Washington, DC — A scripted morality play unfolding today before a Congressional hearing concerning the right of Inspectors General to immediate access to all government records will do little to improve meaningful oversight, according to Public Employees for Environmental Responsibility (PEER). Likely missing from the expected fulmination will be a dispassionate examination of whether Inspectors General (IGs) are functioning well and effectively benefitting the taxpayer.
Today, the House Oversight and Government Reform Committee will hear from IGs who contend some of their information requests have been impeded, thus hampering important investigations. One of the key examples offered is the hesitancy of the Chemical Safety and Hazard Investigation Board (CSB) to turn over communications between top CSB officials and outside lawyers retained to represent the agency in personnel-related litigation demanded by the Environmental Protection Agency (EPA) IG.
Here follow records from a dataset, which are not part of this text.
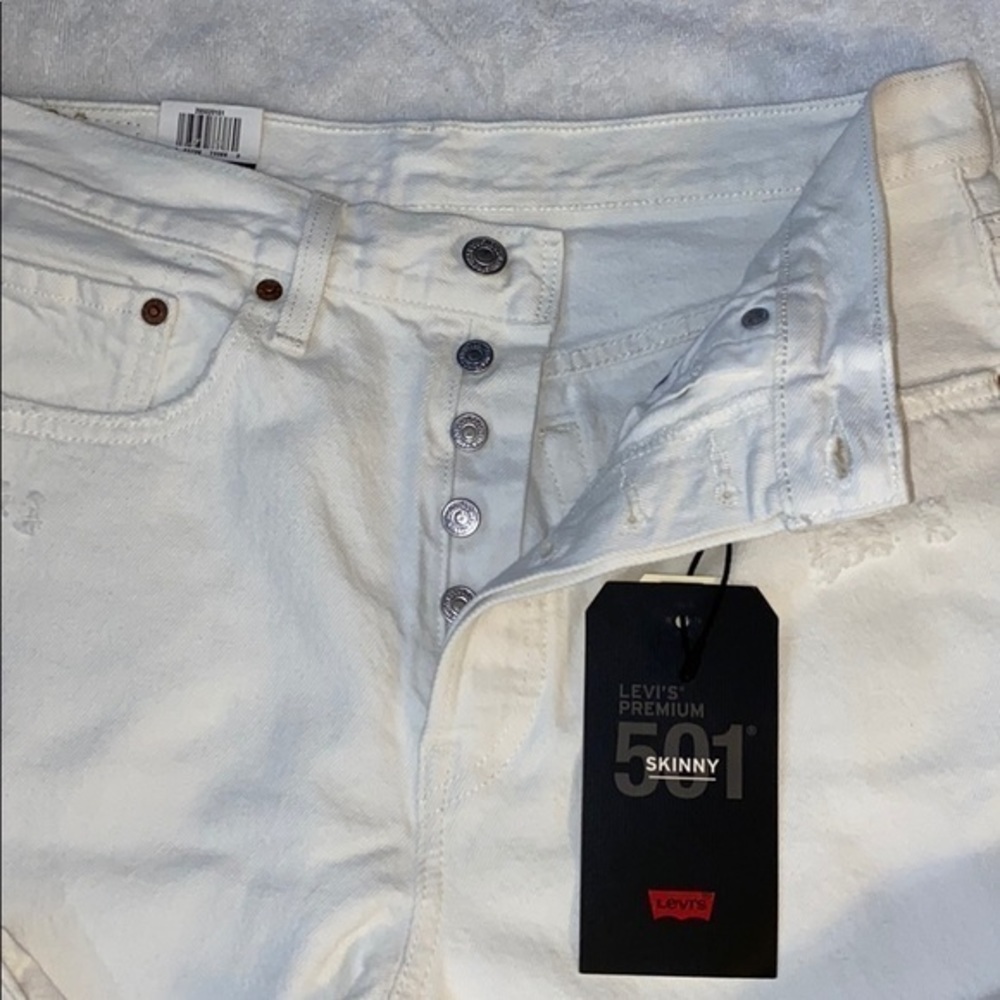 WOMEN’S PREMIUM LEVIS 501 SKINNY HIGH RISE WHITE SIZE 31 - Picture 3 of 8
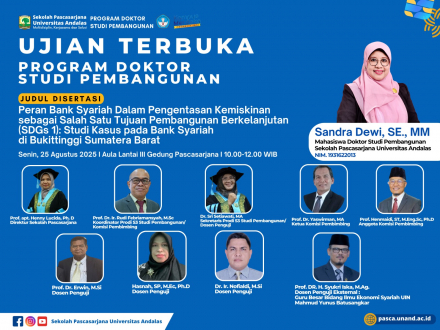 Ujian Terbuka Sandra Dewi Program Doktor Studi Pembangunan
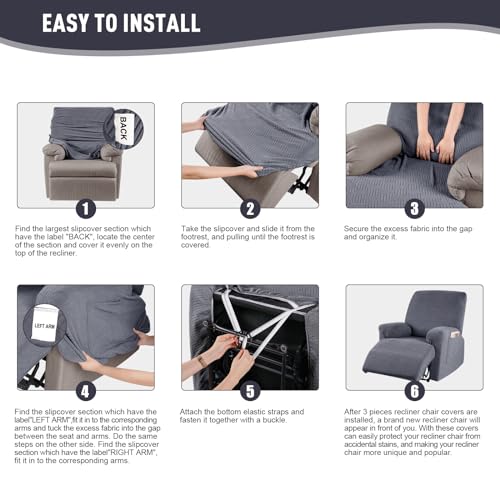 Stretch Recliner Chair Cover with Stripe Jacquard Pattern, 1 Seater, Misty Gray X188311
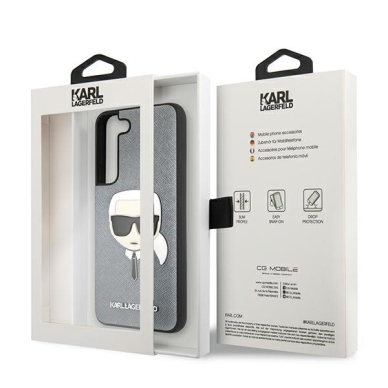Samsung S22 PLUS sidabro sp. KARL LAGERFELD nugarėlė KLHCS22MSAKHSL 7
The CSB retained a former top White House ethics lawyer who opined that turning over the documents on matters still in litigation would be a complete and irrevocable waiver of attorney-client privilege, meaning the other side in the litigation could obtain the CSB’s legal strategy and other surrendered records. Nonetheless, the EPA IG insisted it had the right to see the records and issued a “Seven Day Letter” calling the delay a “particularly serious or flagrant” abuse. Why this was a “flagrant” abuse and not a reasonable concern remains unclear. In any event, the IG ultimately got the requested records but –
- The records revealed little of value as the underlying personnel cases appear to be spurious whistleblower claims of no substance;
- The IG asked a top CSB official to wear a wire to record conversations with officials from the Office of Special Counsel, a completely independent agency responsible for whistleblower protection and which is completely outside the EPA IG’s jurisdiction; and
- The IG has sat on a February CSB request for an investigation into a recent board member who became a consultant to Chevron and then lobbied the CSB on its report on a massive Chevron refinery explosion in apparent violation of federal criminal “revolving door” laws.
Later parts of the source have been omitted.